As a reference to master sleeping with his slaves, it hardly seems veiled at all. And so it is that here, the Fabulous Nicholas Brothers in their 1932 debut get called little pickinninies.

Wonderful without reservations is their appearance in the 1935 All Coloured Vaudeville Movie — and look at that city background, this is really an urban art after all, not one tied to the plantation south, but to Harlem, to Chicago, to the places that beckoned towards freedom and equality (though still have yet to grant it). Fayard is performing in his characteristic three piece suit — he wore it at almost all times (there’s home footage of him wearing it at the tennis courts, on the beach), a fashion statement against the indignities and disrespect of Jim Crow, and I love him for it:

Yet so many of these clips make me feel Jim Crow viscerally. After a rather saccharine display of white doo-wop and the (rather good don’t you know) Glen Miller band, there is the joy and virtuosity of the Fabulous Nicholas Brothers and the equally fabulous Dorothy Dandridge (who married Harold, how did I not know?). Carefully orchestrated so the whole section is separate from the white musicians, able to be cut entirely for Southern audiences — a prime reason the Nicholas Brothers would always perform self-contained ‘numbers’ rather than roles.

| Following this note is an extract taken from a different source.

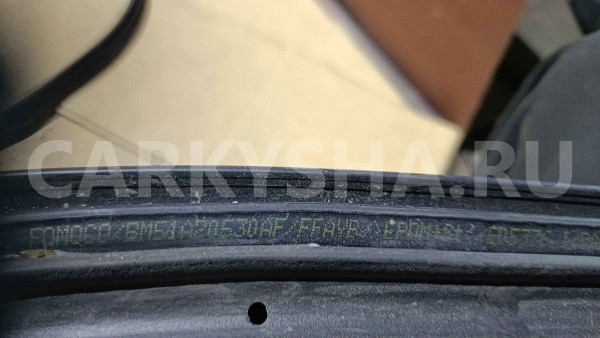 Уплотнитель двери Ford Focus III рестайлинг (2014—2019) Ford Focus оригинальный номер bm51a20530af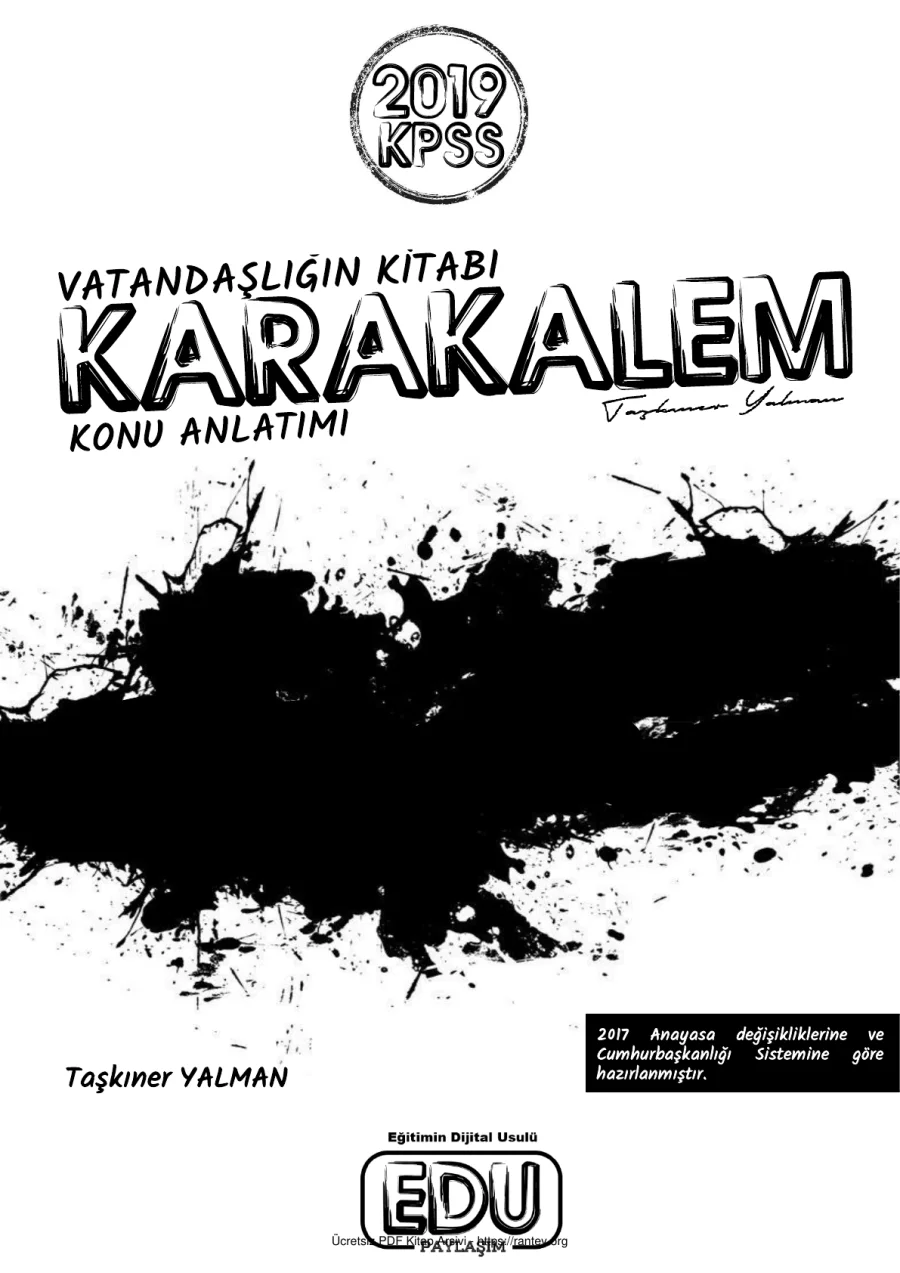 Vatandaşlık 2019 kapak görseli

I found this separateness physically painful to watch, which sat strangely beside the absolute joy of the performance itself. But more bewildering were these two clips, the first the 1934 ‘Minstrel Man’ from Kid Millions

Apart from it being cool that Lucille Ball is in this, I sat wondering in what insane ideological space the whole of America was in to make such a musical number possible, such plunging necklines and singing about loving a minstrel man when Black men were being lynched in the South for even looking the wrong way at a white woman.

Their number from Tin Pan Alley (1940) is even crazier:

I couldn’t stop thinking about Emmet Till through the whole of this damn number. What the actual fuck. Never in a million years could I have imagined such a thing in 1940. In struggling to make sense of it, I think a partial answer is that the category of youth allowed Harold Nicholas to be non-threatening enough for ‘Minstrel Man’, and the category of ‘performing slave’ to be non-threatening enough for Tin Pan Alley (and the absence of sexual innuendo or physical contact). And yet. It doesn’t really explain it to my satisfaction.

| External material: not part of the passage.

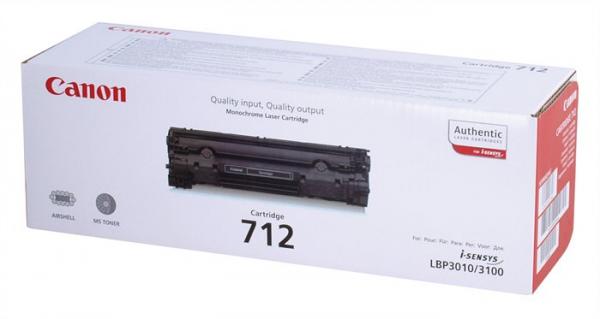 CANON Toner "i-SENSYS LBP 3010", čierny, 1,5k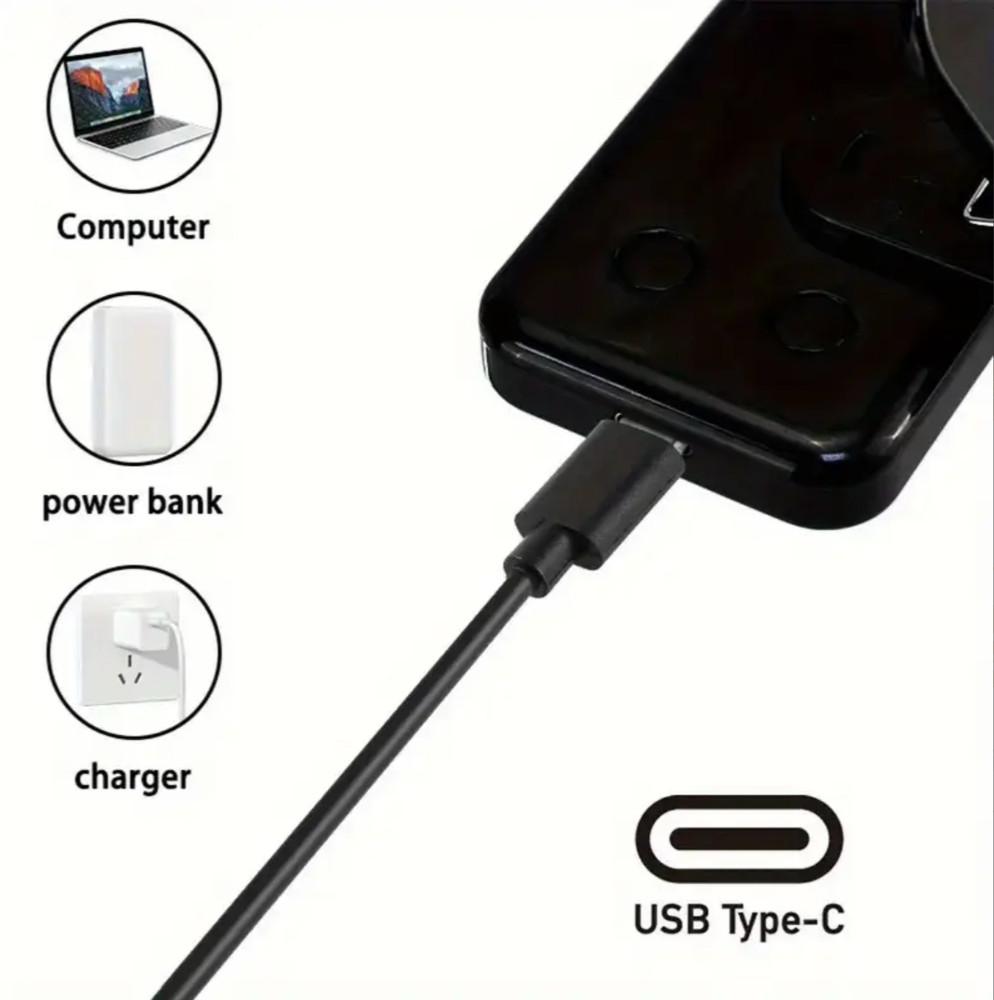 Portable Mini Clip Fill Light, USB Charging, Compact Design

Nothing does. Think of Billie Holiday singing ‘Strange Fruit’ in 1939: Southern trees bear a strange fruit / Blood on the leaves and blood at the root / Black bodies swingin’ in the Southern breeze / Strange fruit hangin’ from the poplar trees. The two performances together somehow make white power and violence even more terrifying in ways I am unable to understand. Perhaps it is the impossibility of reconciling these two things that is the most terrifying, how do you fight what is impossible to understand?

World War II would start to move change along again, Fayard would be drafted into the Jim Crow Army’s laundry brigade.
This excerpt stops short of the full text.